▸ WORK REQUEST:
Your copy of the entries below should hold exactly the lines from the one containing "Kazancım Ödenmedi, Haksız" to the one containing "A0600JF BHC451 BHC550", inclusive, and no pictures.

▸ EXTRACTED MATERIAL:
——
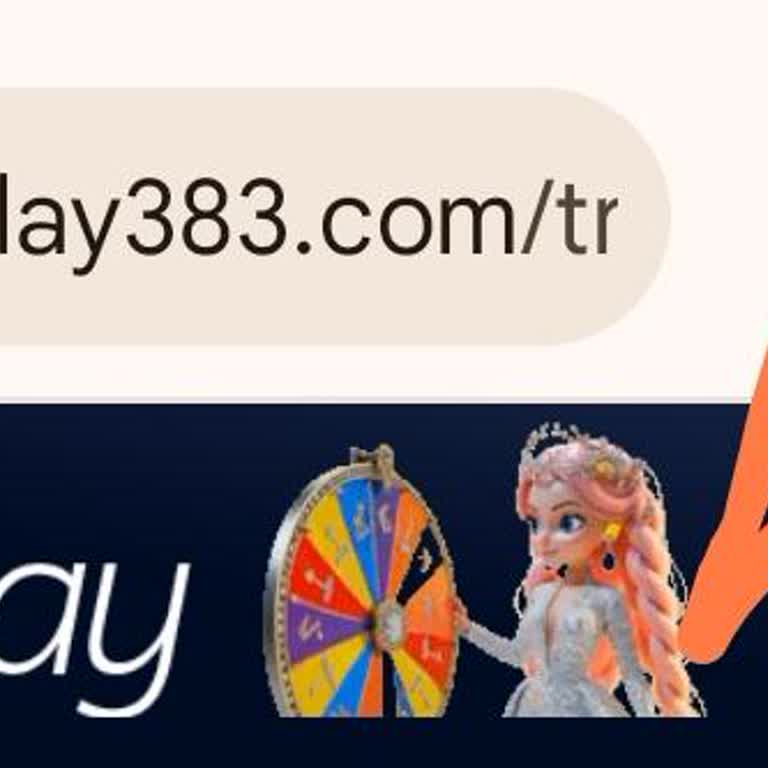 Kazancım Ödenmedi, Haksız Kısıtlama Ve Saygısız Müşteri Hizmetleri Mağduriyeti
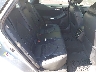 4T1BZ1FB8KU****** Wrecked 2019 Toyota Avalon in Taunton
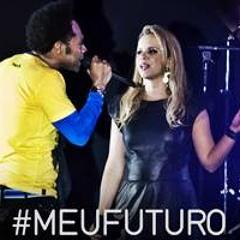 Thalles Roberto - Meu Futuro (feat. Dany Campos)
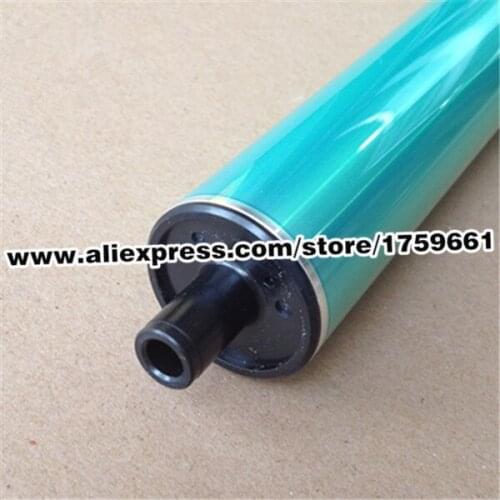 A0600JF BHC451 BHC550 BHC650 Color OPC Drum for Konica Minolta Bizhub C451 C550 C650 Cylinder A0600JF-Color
——
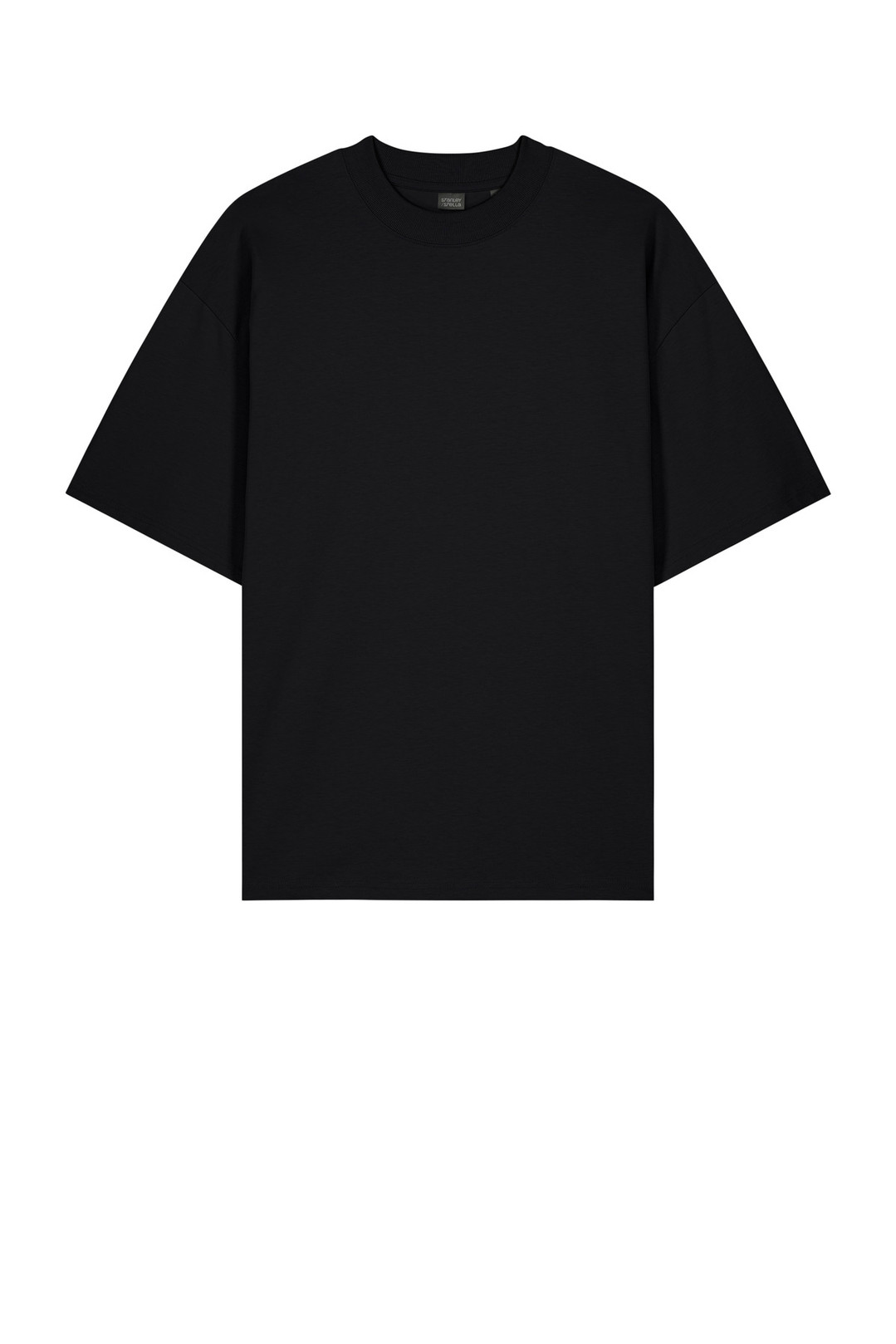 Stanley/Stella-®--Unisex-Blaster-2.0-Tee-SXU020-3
——
▸ WRITTEN ANSWER:
 Kazancım Ödenmedi, Haksız Kısıtlama Ve Saygısız Müşteri Hizmetleri Mağduriyeti
 4T1BZ1FB8KU****** Wrecked 2019 Toyota Avalon in Taunton
 Thalles Roberto - Meu Futuro (feat. Dany Campos)
 A0600JF BHC451 BHC550 BHC650 Color OPC Drum for Konica Minolta Bizhub C451 C550 C650 Cylinder A0600JF-Color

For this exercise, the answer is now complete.